Symbol Timing Recovery¶
track.SymbolSync recovers the symbol clock of an
asynchronous data stream — one whose symbol rate is not locked to (and here
runs 0.4 % fast of) the receiver's sample clock. It is a Gardner timing-error
detector closing a PI loop around an integer timing NCO and a
Farrow interpolator: the NCO's post-wrap accumulator value is the
interpolation fraction µ — free, with no floating-point timing phase — so the
timing accumulation stays exact while only the interpolation is floating point.
The signal is an RC-shaped BPSK stream with a static fractional-sample offset, a 0.4 % clock-rate offset, and AWGN at 14 dB.
What you're seeing¶
Top — Recovered symbols. The interpolated symbol's real part per symbol: a brief pull-in, then clean ±1 once timing locks — the data is recovered with zero bit errors (a global inversion is don't-care).

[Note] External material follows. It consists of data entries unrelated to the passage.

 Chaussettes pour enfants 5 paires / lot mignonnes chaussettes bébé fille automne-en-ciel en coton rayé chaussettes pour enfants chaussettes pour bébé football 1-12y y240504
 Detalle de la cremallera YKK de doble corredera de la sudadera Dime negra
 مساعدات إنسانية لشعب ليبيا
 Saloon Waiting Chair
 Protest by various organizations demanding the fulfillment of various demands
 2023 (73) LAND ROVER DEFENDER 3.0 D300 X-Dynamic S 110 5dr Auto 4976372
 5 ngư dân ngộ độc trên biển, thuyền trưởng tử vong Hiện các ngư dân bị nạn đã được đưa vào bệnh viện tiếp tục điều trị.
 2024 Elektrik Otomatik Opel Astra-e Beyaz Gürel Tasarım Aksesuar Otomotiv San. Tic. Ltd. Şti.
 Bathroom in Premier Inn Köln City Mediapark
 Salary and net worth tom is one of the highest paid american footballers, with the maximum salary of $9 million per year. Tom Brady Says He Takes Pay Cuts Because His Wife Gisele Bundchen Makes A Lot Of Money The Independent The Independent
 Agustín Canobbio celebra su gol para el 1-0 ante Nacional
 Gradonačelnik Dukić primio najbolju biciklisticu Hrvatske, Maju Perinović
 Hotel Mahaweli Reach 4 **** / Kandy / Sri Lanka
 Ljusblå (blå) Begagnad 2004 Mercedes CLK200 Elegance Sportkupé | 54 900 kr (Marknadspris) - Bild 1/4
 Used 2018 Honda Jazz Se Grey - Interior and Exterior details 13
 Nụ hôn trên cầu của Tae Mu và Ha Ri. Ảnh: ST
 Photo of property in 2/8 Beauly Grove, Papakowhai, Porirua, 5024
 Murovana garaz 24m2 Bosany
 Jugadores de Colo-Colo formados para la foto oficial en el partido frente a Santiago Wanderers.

Middle — Tracked clock. The recovered samples/symbol converging onto the true offset rate (dashed). The loop tracks the asynchronous clock — a moving rate, not just a static phase.
Bottom — Input eye. The raw oversampled input folded to two symbols: the eye is open, but with an async clock the optimal sampling instant drifts — which is exactly why a fixed sampler fails and a tracking interpolator is needed.
How it works¶
One per-sample integer-NCO loop produces two interpolants per symbol for the Gardner detector, derived from the phase value (not a parity counter, so a loop correction can never desync them):
per sample: push x[n] into the Farrow; advance the integer timing NCO
half-scale crossing -> mid-symbol interpolant (µ from the NCO)
full-scale wrap -> on-time interpolant (µ from the NCO)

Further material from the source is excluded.